Parkhomenko, who says he doesn’t believe the post violated any of the network’s terms of service, thinks Facebook likely deleted it after a wave of complaints submitted by bots. Facebook has issued no public explanation for the deletion of the text.
Parkhomenko’s post was a response to a leaked report that recently appeared in the newspaper Novaya Gazeta claiming to prove that the missile that brought down MH17 may have been fired by Ukrainian troops. Parkhomenko condemned the document, accusing the Kremlin of leaking it intentionally as a way of acknowledging that the plane was attacked with a Buk missile, as Moscow’s critics have long insisted.
In his now-deleted post, Parkhomenko took aim at Mikhail Leontyev, who infamously reported last fall that MH17 was actually shot down by Ukrainian fighter jets. “Yes, it was a Buk, of course. Why not? After all, we never denied it,” Parkhomenko wrote on Facebook. “But now we’re going to fight a life-or-death struggle to make sure people say it wasn’t OUR Buk. Meaning the jets that supposedly fired on MH17—the ones Mikhail Leontyev saw with his own eyes—simply never existed. They’ve been redacted. Leontyev only dreamed them.”

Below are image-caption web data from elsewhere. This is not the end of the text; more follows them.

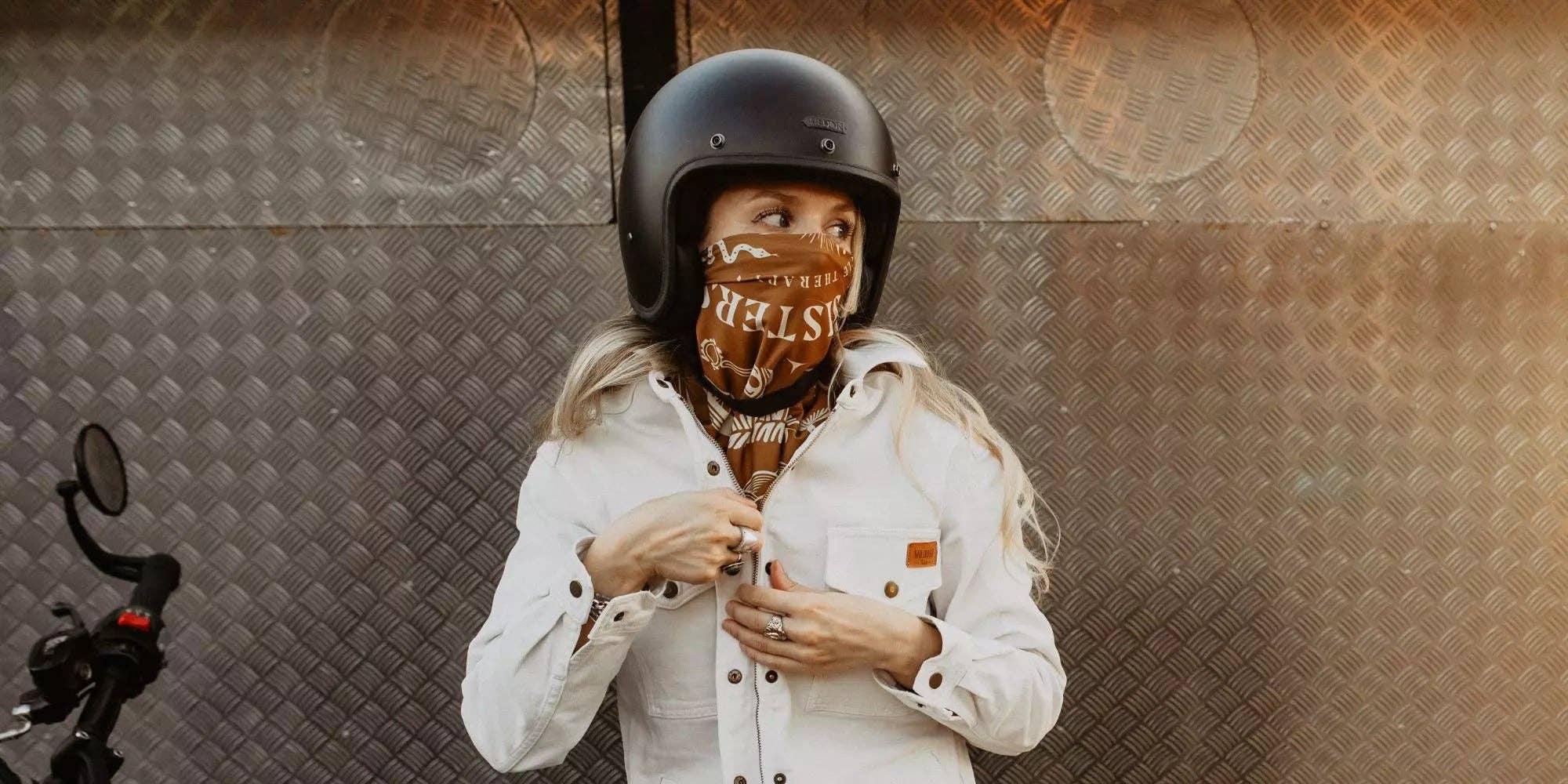 WILDUST - Wholesale Scarf - Women's - MOTORCYCLE SCARF - MOTO THERAPY CAMEL2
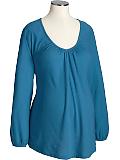 Maternity Slub-Knit Peasant Tops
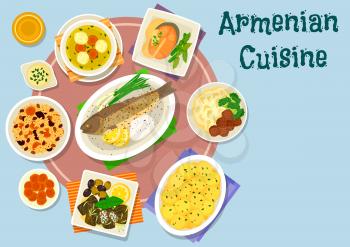 Armenian cuisine dinner dishes icon of baked fish with rice, lamb meatball soup, grape leaf roll, rice pilaf with dried fruit, meatball with mashed potato, trout steak with nut sauce, potato in milk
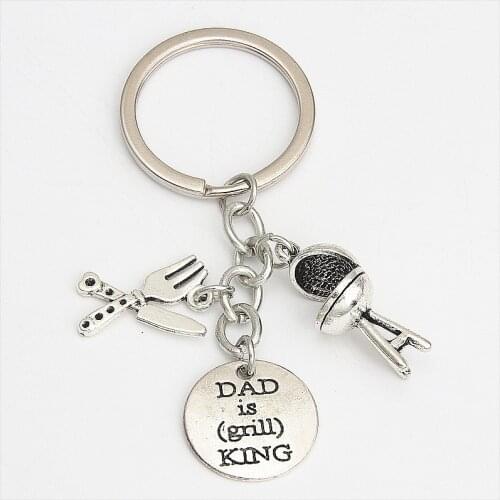 1pc Knife And Fork Chair Charms Keychain DAD IS (grill) KING Daddy Family Fathers Day Gift Keyring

The full text of Parkhomenko’s Facebook post, in Russian, is still available on the radio station Echo of Moscow's website.
Update: shortly after this article was published, Facebook undeleted Parkhomenko's post. It now appears to be accessible both inside Russia and abroad.
Sergei Parkhomenko has written previously that he is certain MH17 was attacked by a Buk missile fired from pro-Russian separatist-controlled territory. According to research by the Bellingcat project, the Buk was delivered to separatists from Russia.
Malaysia Airlines Flight 17 was shot down over eastern Ukraine on July 17, 2014, killing all 298 people onboard. The results of an official investigation have yet to be published.